(Records contained in a dataset)
■ ■ ■ ■ ■ ■ ■

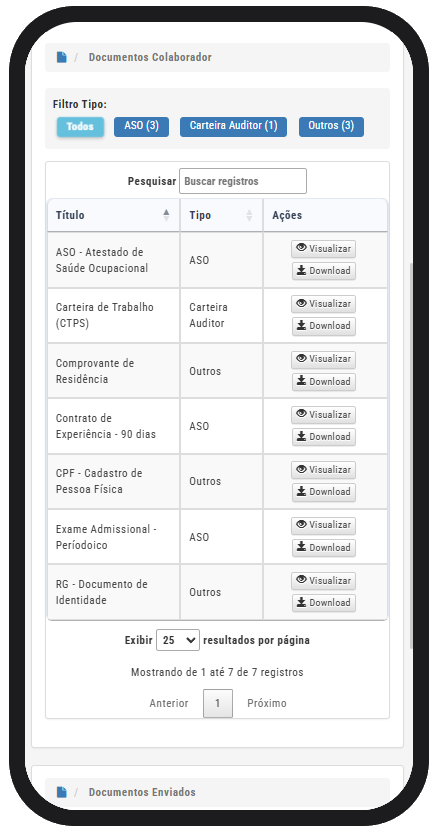 Documentos e vencimentos no HUB - detalhes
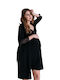 EasyMum Spaghetti Strap Robe with Nightgown for Maternity Hospital & Breastfeeding Black 5.1.42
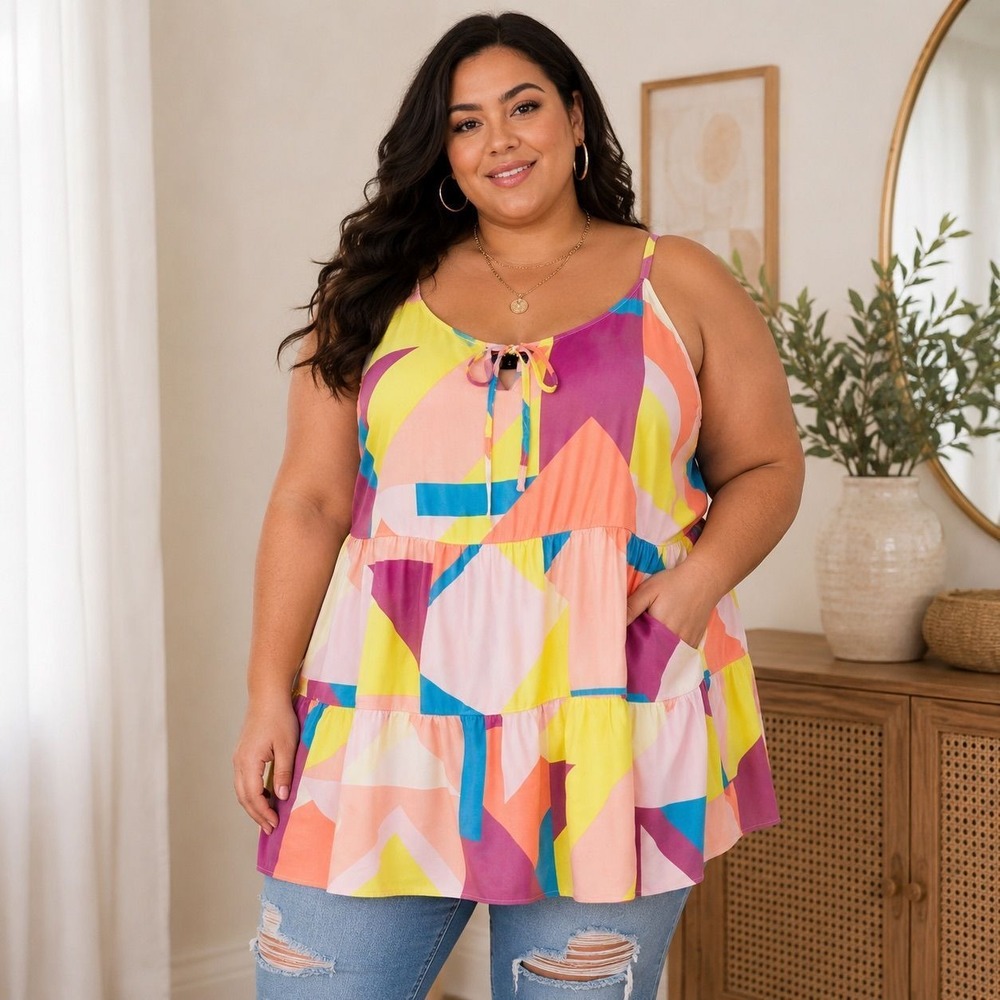 020- TORRID Challis Tiered Tie-Front Cami SIZE 3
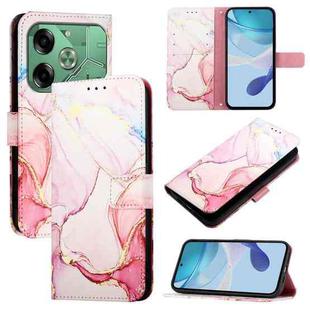 For Tecno Pova 6 4G PT003 Marble Pattern Flip Leather Phone Case(Rose Gold)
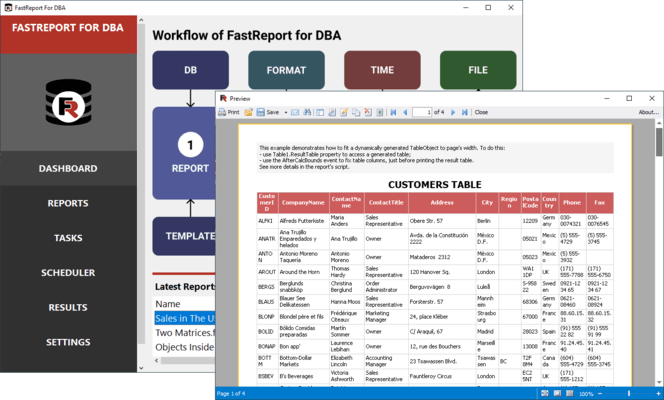 Captura de tela do FastReport for DBA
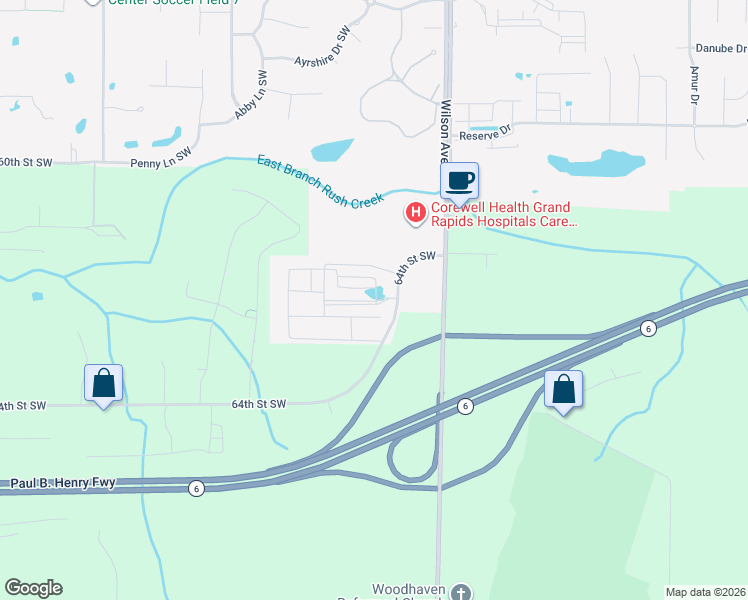 map of restaurants, bars, coffee shops, grocery stores, and more near 4099 64th Street Southwest in Wyoming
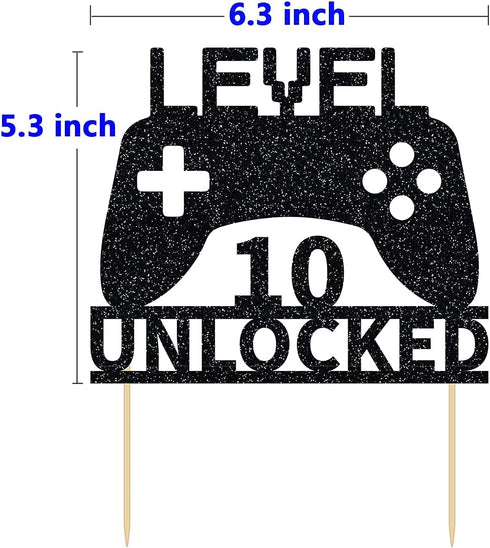 Level 10 Unlocked Cake Topper, Game Controller Cake Topper for 10th Birthday Party Decoration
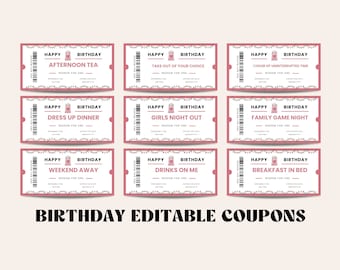 Birthday Coupon | Birthday Coupon Book Template | Birthday Coupon Template | Printable Coupons | Birthday Voucher | Voucher Printable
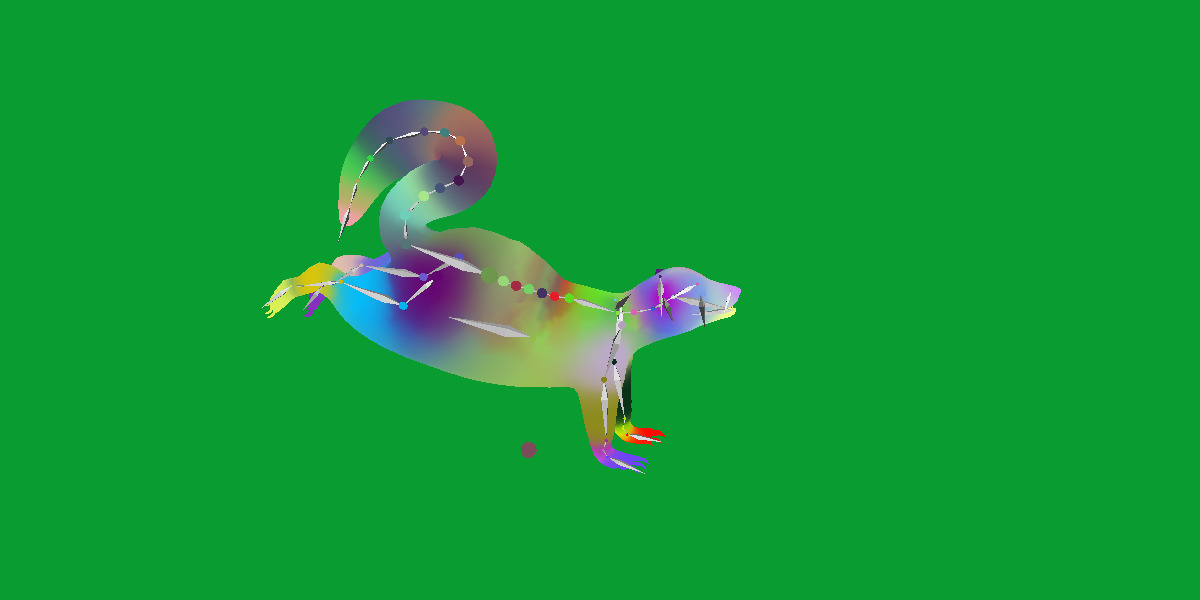 Striped Skunk Low-poly 3D model_7
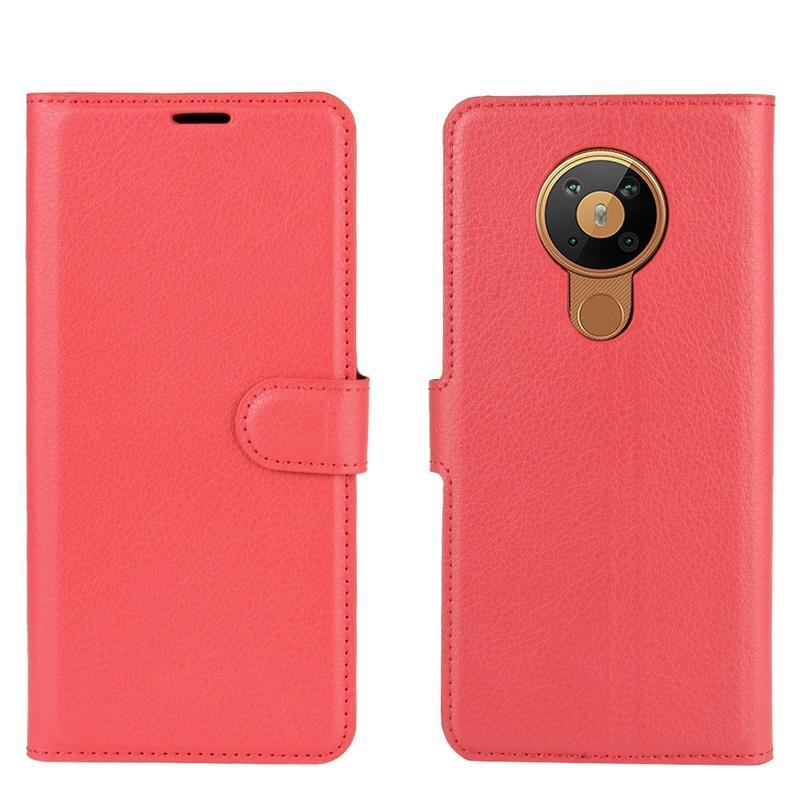 Litchi PU kožené peněženkové puzdro na mobil Nokia 5.3 - červené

■ ■ ■ ■ ■ ■ ■

## [YOUR ASSIGNMENT]
Please transcribe exactly the line containing "EasyMum Spaghetti Strap" and every later line through the end of the records above, omitting pictures.

## [FINISHED EXERCISE]
 EasyMum Spaghetti Strap Robe with Nightgown for Maternity Hospital & Breastfeeding Black 5.1.42
 020- TORRID Challis Tiered Tie-Front Cami SIZE 3
 For Tecno Pova 6 4G PT003 Marble Pattern Flip Leather Phone Case(Rose Gold)
 Captura de tela do FastReport for DBA
 map of restaurants, bars, coffee shops, grocery stores, and more near 4099 64th Street Southwest in Wyoming
 Level 10 Unlocked Cake Topper, Game Controller Cake Topper for 10th Birthday Party Decoration
 Birthday Coupon | Birthday Coupon Book Template | Birthday Coupon Template | Printable Coupons | Birthday Voucher | Voucher Printable
 Striped Skunk Low-poly 3D model_7
 Litchi PU kožené peněženkové puzdro na mobil Nokia 5.3 - červené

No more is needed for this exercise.